Sunoco plans to extend its existing Mariner East 1 by 50 miles and construct the 350-mile Mariner East 2 pipeline to transport natural gas liquids (NGL) from processing and fractionation complexes in eastern Ohio, western Pennsylvania and West Virginia to the company's Marcus Hook Industrial Complex on the Delaware River south of Philadelphia (see Shale Daily, Dec. 5, 2013). The company will repurpose Marcus Hook -- a former oil refinery -- for storage, processing and distribution of NGLs.

In addition to construction benefits, Econsult said Sunoco plans to spend $60-90 million annually to operate the pipelines beginning in 2017. Total expenditures for operations at Marcus Hook have not yet been finalized. The projects' ongoing service, the firm said, could create a $100-150 million annual economic impact, support up to 400 full-time equivalent jobs with estimated earnings of $22-33 million. Tax revenue from ongoing operations could also reach $800,000 to $1.2 million, according to the study.

Econsult said the majority of employment and expenditure impacts would likely be in southeast Pennsylvania near Philadelphia and far removed from the hotbeds of Marcellus and Utica shale development farther west in the Appalachian Basin. The projects, however, have met staunch opposition in that part of the state from residents who would live near a stretch of the pipelines and compressor stations (see Shale Daily, Oct. 13, 2014). They've vowed to continue fighting Sunoco's efforts as it works its way through the regulatory process and prepares for development.

Susquehanna University economics professor Matthew Rousu, who reviews economic impact studies related to the state's oil and gas industry, said that although he hasn't yet examined Econsult's study, a $3 billion investment could very well generate a $4.2 billion impact.

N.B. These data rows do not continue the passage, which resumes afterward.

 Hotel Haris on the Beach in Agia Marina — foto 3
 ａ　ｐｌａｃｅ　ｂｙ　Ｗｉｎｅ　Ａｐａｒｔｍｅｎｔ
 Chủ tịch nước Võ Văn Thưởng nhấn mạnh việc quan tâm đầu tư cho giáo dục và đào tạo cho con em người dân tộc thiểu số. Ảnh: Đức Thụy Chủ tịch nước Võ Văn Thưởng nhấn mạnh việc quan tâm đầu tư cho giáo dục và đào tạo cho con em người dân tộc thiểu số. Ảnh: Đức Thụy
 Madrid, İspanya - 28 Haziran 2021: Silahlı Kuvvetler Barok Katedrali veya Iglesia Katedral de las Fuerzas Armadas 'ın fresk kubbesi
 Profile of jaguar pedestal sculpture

"The construction would likely create a big temporary boom, and that's a lot of what this is. You almost don't need the study based on that alone, but you want it to add to the credibility of the project," he said. "Even if the cost to do the construction is $1 billion, a lot of that is for labor, and there will be a big boost to hiring in the short term for a massive construction project. It does make sense to get a huge initial boost, whether the impact is smaller in the long run, I couldn't tell you; it depends on how many are actually hired for operations."

Marcellus Shale Coalition President David Spigelmyer said the study demonstrates "the critical interconnectivity that exists between shale producing regions of the commonwealth and the greater Philadelphia region," where support for the industry has been weaker than in other more rural parts of the state.

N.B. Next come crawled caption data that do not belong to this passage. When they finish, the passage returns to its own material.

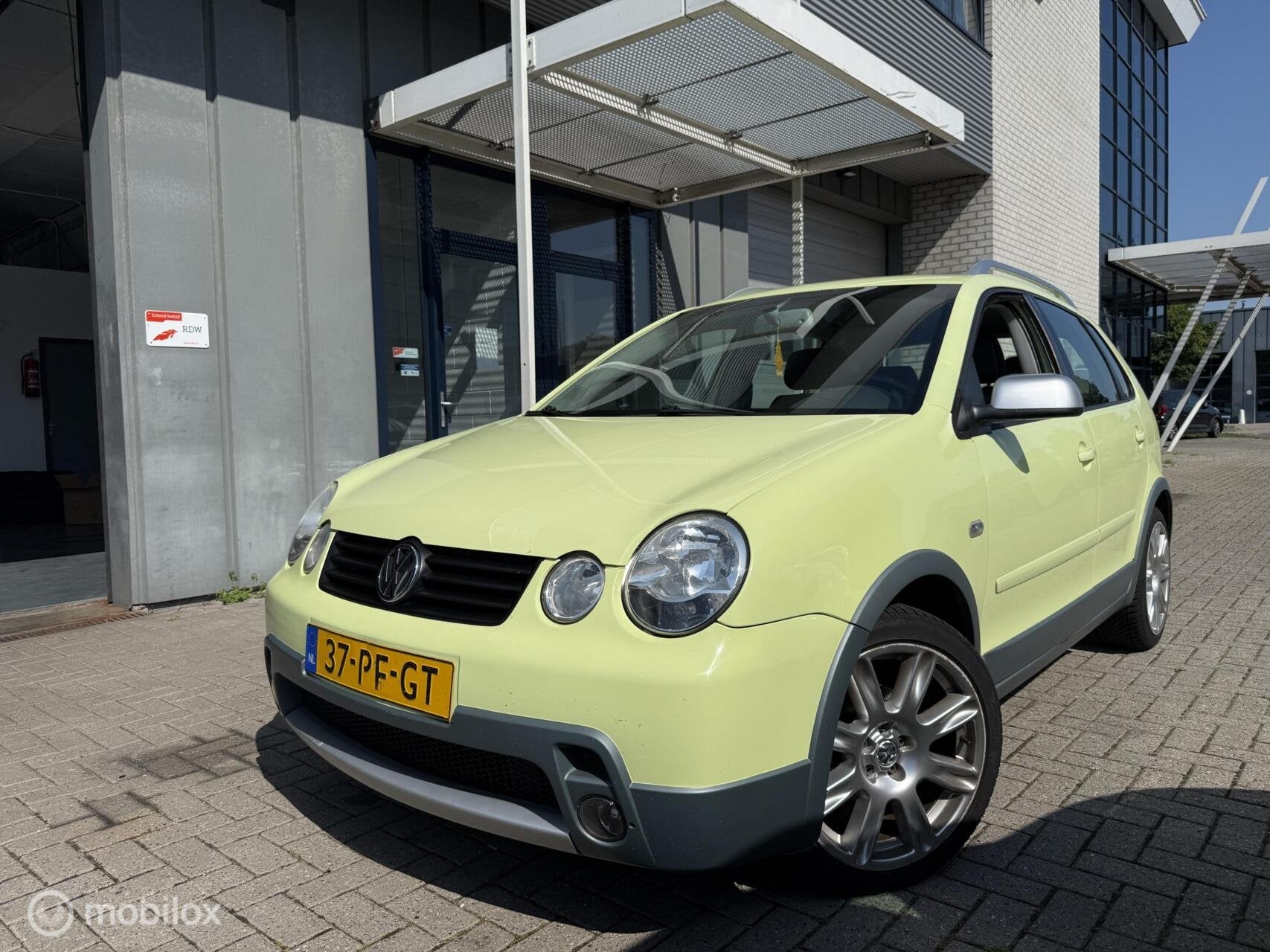 Volkswagen Polo 1.4-16V FUN nw apk nw allseason bandeb, Auto's, Volkswagen, Voorwielaandrijving, Gebruikt, 4 cilinders, 1081 kg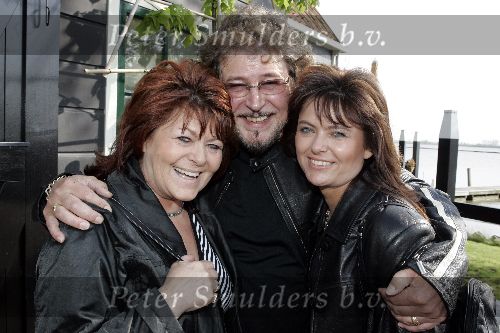 Volendam 13 mei 2005
Opening Paling sound museum.   Piet Veerman met vrouw en dochter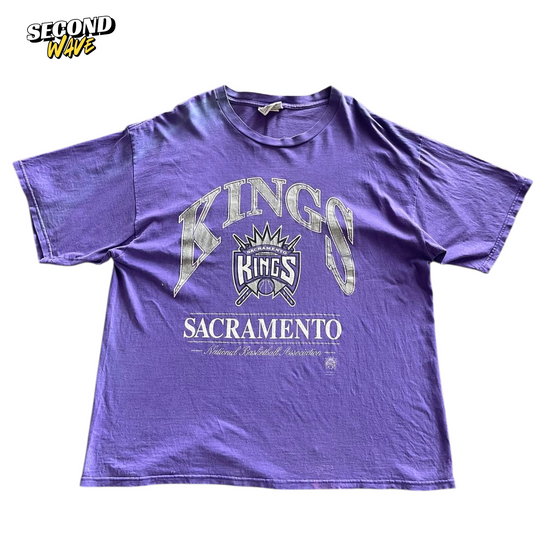 VINTAGE FADED LEE PURPLE SACRAMENTO KINGS NBA TEE (XL-XXL)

"Each person that has a job from the project is going to go spend money at grocery stores, they're going to pay rent, and go to restaurants, the movies and theater," Rousu added. "They'll spend locally and others are going to get that money that aren't directly involved; it's a small multiplier. Just hearing those numbers doesn't surprise me, sometimes I hear numbers in this industry or others and I say 'what are you saying?' That doesn't sound stunningly high."

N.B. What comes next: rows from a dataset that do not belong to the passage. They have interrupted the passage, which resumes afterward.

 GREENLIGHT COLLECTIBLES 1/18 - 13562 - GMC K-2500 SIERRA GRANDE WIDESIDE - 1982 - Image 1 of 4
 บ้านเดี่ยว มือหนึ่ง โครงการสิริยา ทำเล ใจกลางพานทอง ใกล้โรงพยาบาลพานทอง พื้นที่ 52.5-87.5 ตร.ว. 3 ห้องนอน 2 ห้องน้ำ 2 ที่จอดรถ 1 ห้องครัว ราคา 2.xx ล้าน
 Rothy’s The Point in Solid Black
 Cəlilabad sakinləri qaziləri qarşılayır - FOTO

In November, Sunoco announced a successful open season for Mariner East 2 (see Shale Daily, Nov. 6, 2014). It's initial capacity is expected to be 275,000 b/d and will complement Mariner East 1's 70,000 b/d capacity. Propane transport on Mariner East 1 began in December, with ethane deliveries expected to start in the middle of the year. Mariner East 2, which will transport ethane, propane and butane, is expected to be in service by late 2016.

Econsult also said the projects will increase the local availability of propane and other NGLs, which Rosu said could have further economic benefits for the region's manufacturers and residential consumers.